■ **PROBLEM STATEMENT**
Pictures stay out of the output. Return exactly the lines below from the one with "Best Version Control" down to the one with "EV Cornerstone Limited", both included, and nothing more.

■ **EXCERPTED RECORDS**
* * * * *

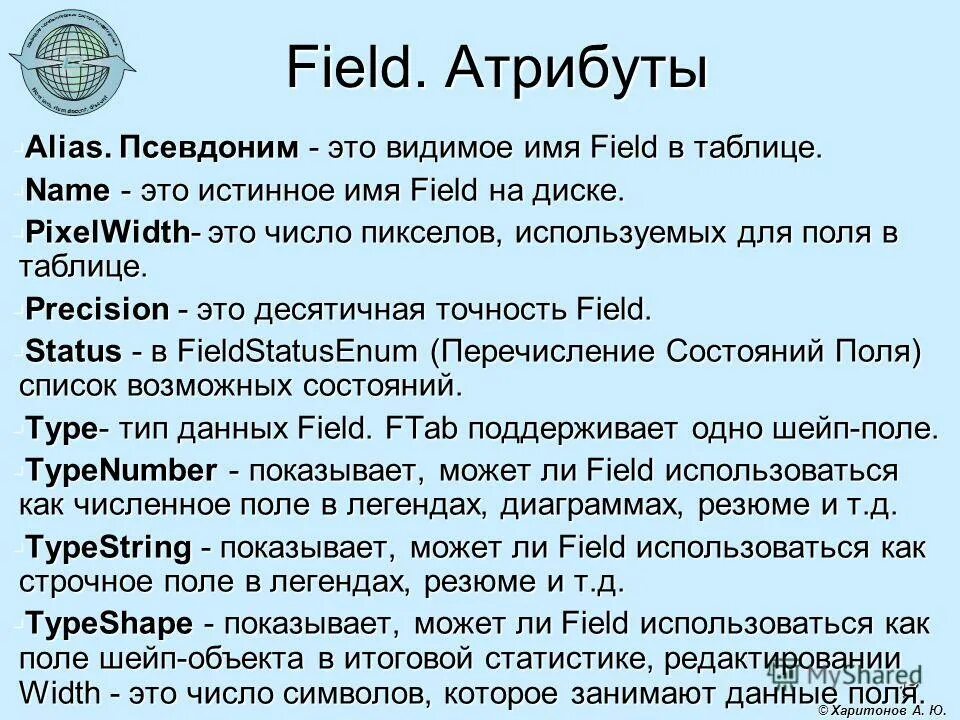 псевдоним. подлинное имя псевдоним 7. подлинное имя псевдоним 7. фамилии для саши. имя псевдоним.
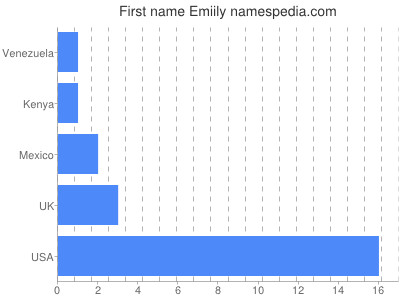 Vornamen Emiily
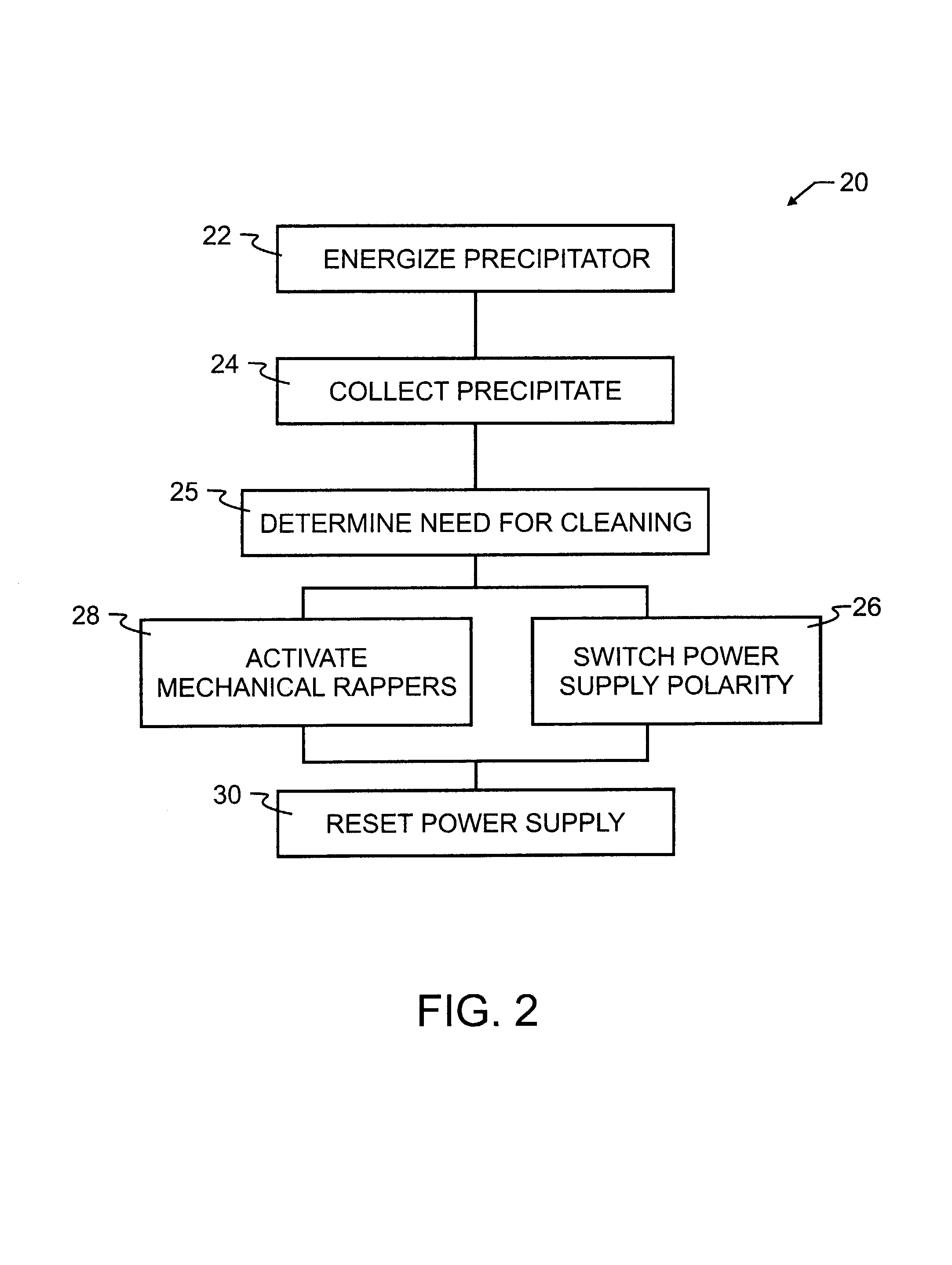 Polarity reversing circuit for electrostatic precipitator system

* * * * *

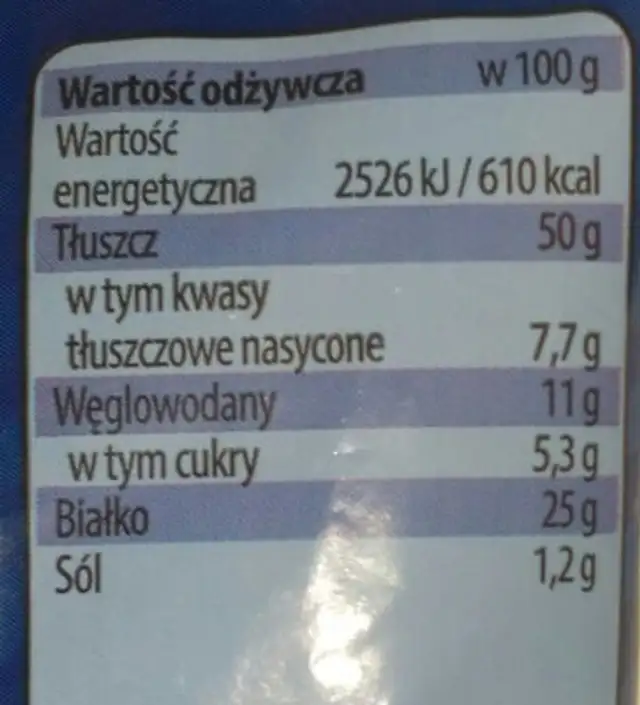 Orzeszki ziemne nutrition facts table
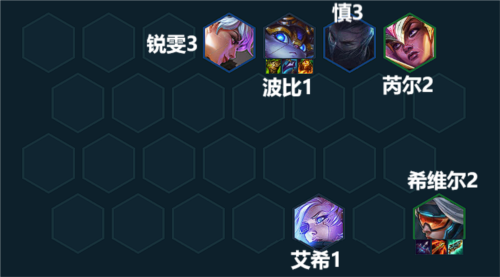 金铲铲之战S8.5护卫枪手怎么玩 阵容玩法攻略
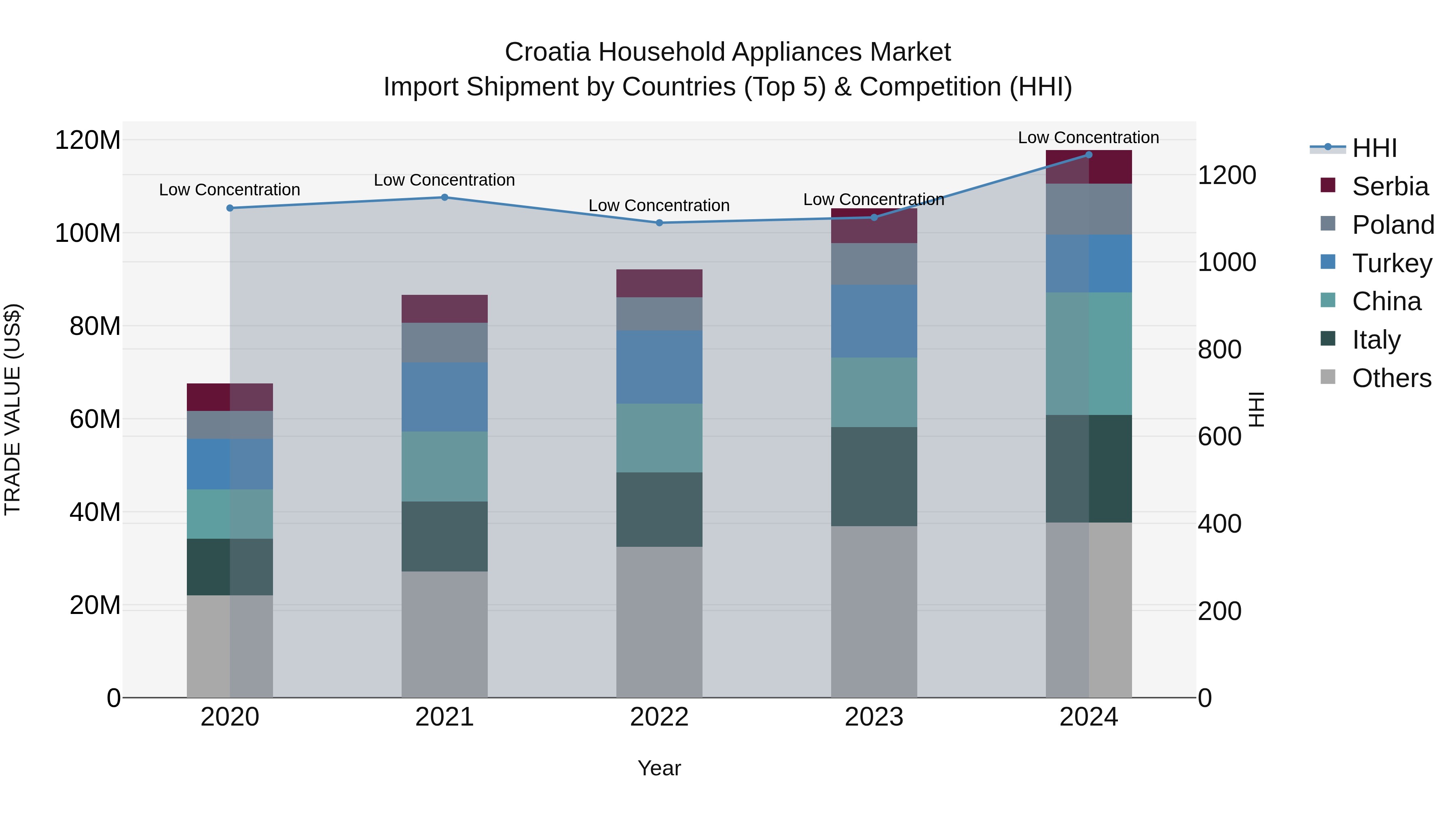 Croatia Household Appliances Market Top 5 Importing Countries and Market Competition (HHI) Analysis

* * * * *

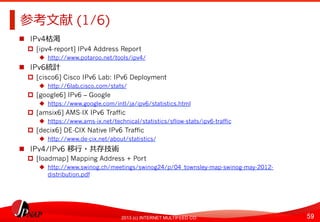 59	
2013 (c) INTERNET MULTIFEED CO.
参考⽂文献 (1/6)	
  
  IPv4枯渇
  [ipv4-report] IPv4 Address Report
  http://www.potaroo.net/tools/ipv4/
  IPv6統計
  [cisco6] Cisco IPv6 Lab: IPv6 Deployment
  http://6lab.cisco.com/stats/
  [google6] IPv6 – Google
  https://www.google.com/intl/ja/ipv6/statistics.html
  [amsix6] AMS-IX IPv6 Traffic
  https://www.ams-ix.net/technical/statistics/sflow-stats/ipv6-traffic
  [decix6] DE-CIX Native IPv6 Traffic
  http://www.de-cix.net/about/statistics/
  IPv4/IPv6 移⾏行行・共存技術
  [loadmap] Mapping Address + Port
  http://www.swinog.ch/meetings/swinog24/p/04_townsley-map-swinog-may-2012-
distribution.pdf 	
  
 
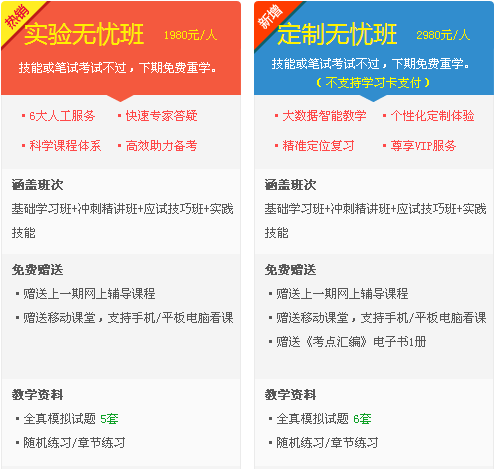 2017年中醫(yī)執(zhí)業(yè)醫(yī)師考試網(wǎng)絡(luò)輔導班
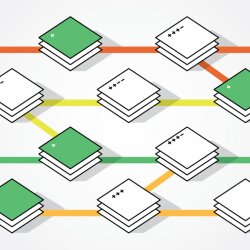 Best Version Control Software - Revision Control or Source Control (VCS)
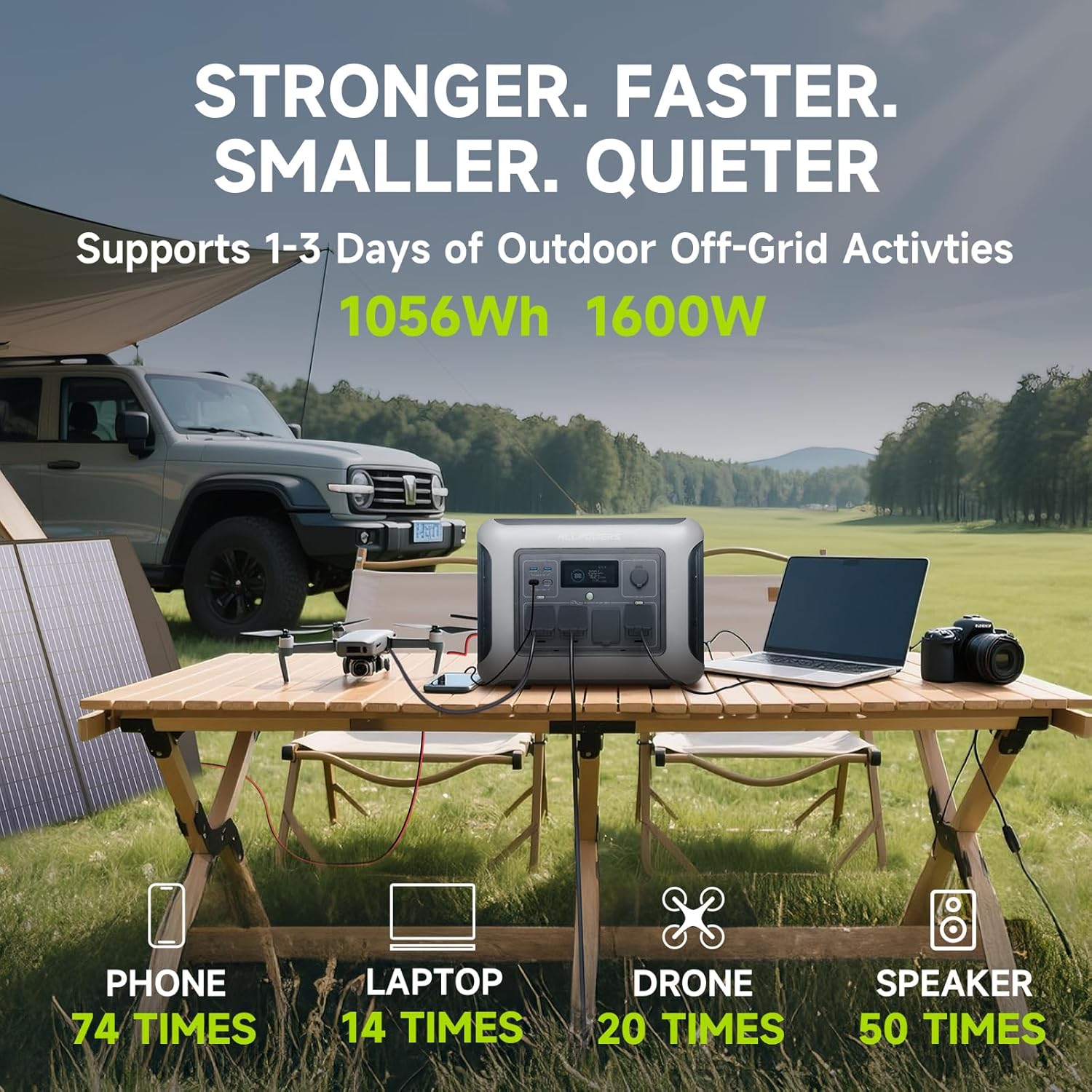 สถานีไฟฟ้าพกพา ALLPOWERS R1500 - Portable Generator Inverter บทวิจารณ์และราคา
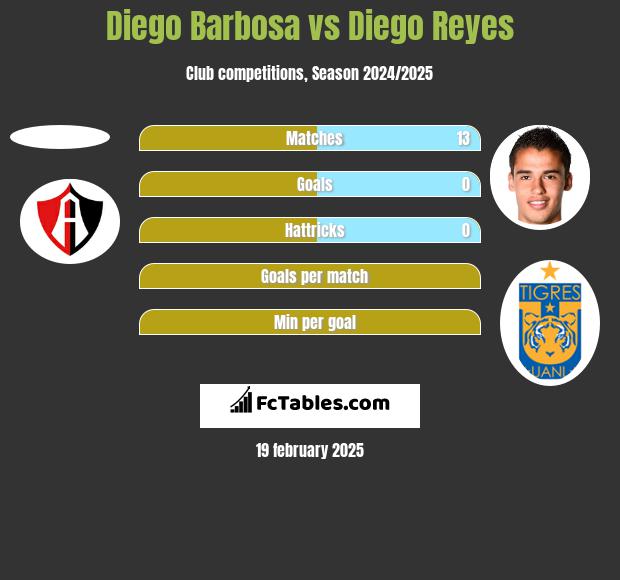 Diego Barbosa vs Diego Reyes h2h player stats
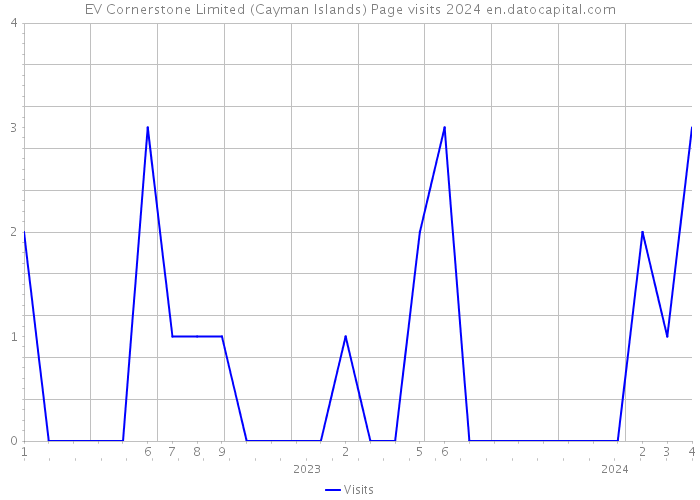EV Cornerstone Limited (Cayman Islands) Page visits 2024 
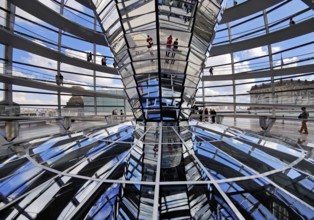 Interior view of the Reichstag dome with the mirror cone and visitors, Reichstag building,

* * * * *

■ **RESPONSE TO THE TASK**
 Best Version Control Software - Revision Control or Source Control (VCS)
 สถานีไฟฟ้าพกพา ALLPOWERS R1500 - Portable Generator Inverter บทวิจารณ์และราคา
 Diego Barbosa vs Diego Reyes h2h player stats
EV Cornerstone Limited (Cayman Islands) Page visits 2024 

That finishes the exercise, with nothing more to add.